Weshalb zögert der türkische Präsident Recep Erdoğan dann, Salman mit den Beweisen für die mutmaßliche Ermordung Khashoggis in Istanbul direkt zu konfrontieren? Schließlich kriselt es seit Jahren zwischen beiden Herrschern: Erdoğan unterstützt Ableger der Muslimbruderschaft in ganz Nahost. Salman betrachtet die Islamisten als Gefahr für sein Regime samt Verbündeten. Nachdem Salman Katar voriges Jahr mit einer Blockade belegt hatte, um sich dessen Emir gefügig zu machen, eröffnete Erdoğan dort einen Militärstützpunkt und richtete eine Luftbrücke zur Versorgung des Emirats ein.
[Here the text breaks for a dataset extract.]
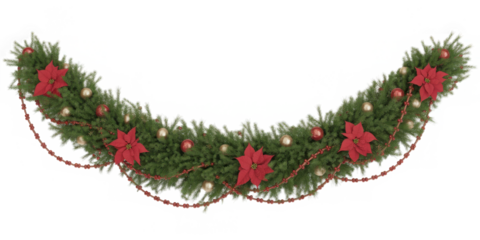 Festive Christmas garland with poinsettias adorned with red beads and golden ornaments isolated on white background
Der Fall Khashoggi könnte diese Spannungen weiter eskalieren lassen. Das Mordkomplott ist eine völkerrechtswidrige Verletzung türkischer Souveränität – und ein erheblicher Prestigeverlust für ein Land, das sich als sicherer Hafen für islamische Dissidenten der arabischen Welt versteht. Vor diesem Hintergrund ist es also kaum verwunderlich, dass türkische Geheimdienste Informationen über den Zwischenfall streuen. Es ist ein relativ gefahrenfreier Weg, Salman zu desavouieren und zu schwächen.
Einen offenen Schlagabtausch wollen beide Seiten vorerst nicht. Die Türkei steckt in einer tiefen wirtschaftlichen Krise. Das Land will es sich jetzt nicht mit den reichen Golfstaaten verscherzen. Das Handelsvolumen zwischen beiden Staaten soll acht Milliarden US-Dollar betragen, reiche Golf-Bürger sind wichtige Kunden der türkischen Tourismusindustrie.
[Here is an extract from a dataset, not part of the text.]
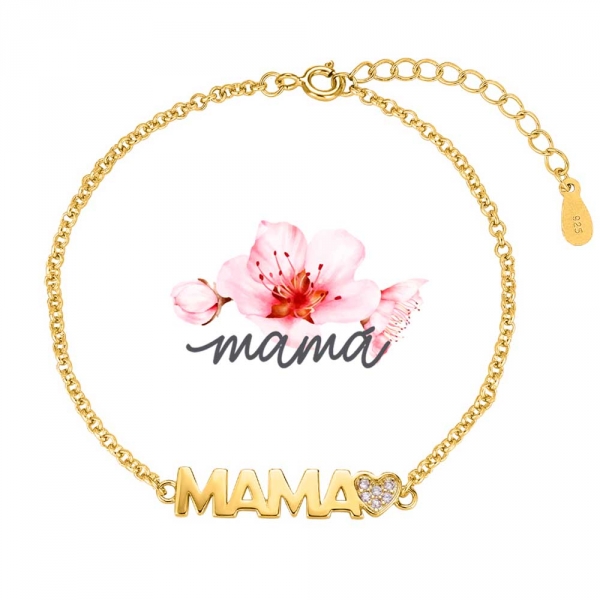 Pulsera de plata chapada cadena rolo mamá con corazón de circonitas de 6 mm 17 + 3 cm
Auch Salman hat kein Interesse an einem Eklat. Seit seiner Amtsübernahme bemüht sich der Kronprinz um das Image eines Reformers. Er will internationale Investoren ins Land locken, um die Wirtschaft, derzeit noch völlig vom Öl abhängig, zu diversifizieren. Doch seine als „impulsiv“bezeichnete Außen- und Innenpolitik, mit einem schlimmen Krieg im Jemen sowie der Verhaftung einflussreicher Geschäftsleute, schreckt immer mehr Investoren ab.
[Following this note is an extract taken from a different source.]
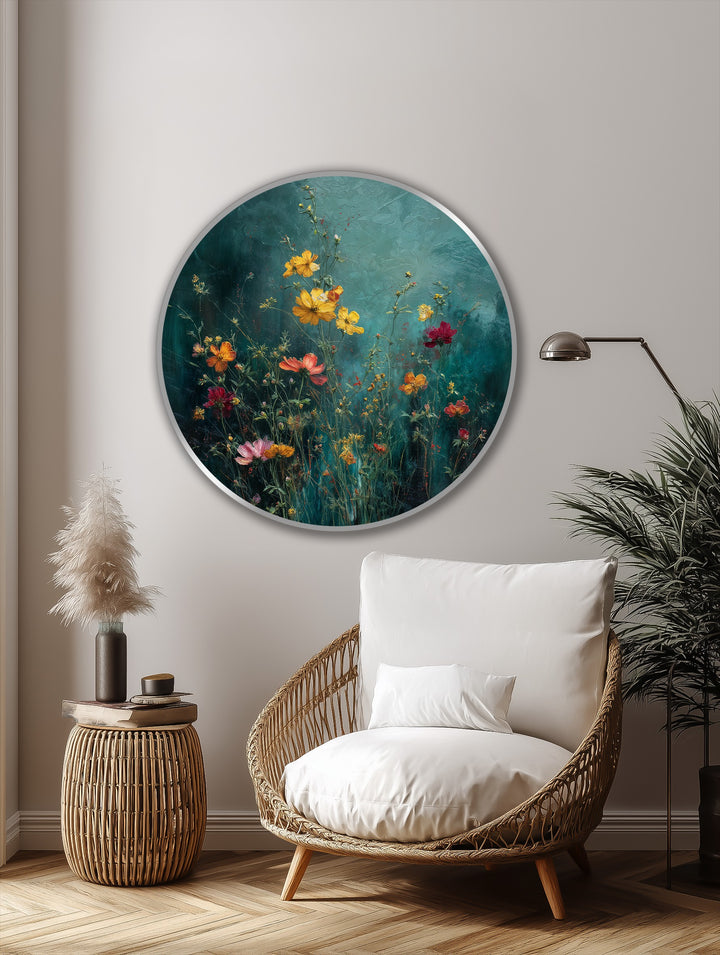 Highlighted by its sleek silver border, the round oil painting art prints feature a vibrant wildflower garden on a deep teal backdrop.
Riad und Ankara verkündeten jetzt die Einrichtung einer gemeinsamen Untersuchungskommission, die die Vorgänge in Istanbul „aufklären“soll. Mit Wahrheitsfindung dürfte das wenig zu tun haben. Wahrscheinlicher ist, dass sie eine Version des Tathergangs fabrizieren soll, die es Erdoğan und Salman ermöglicht, gleichzeitig Gesicht und Interessen zu wahren.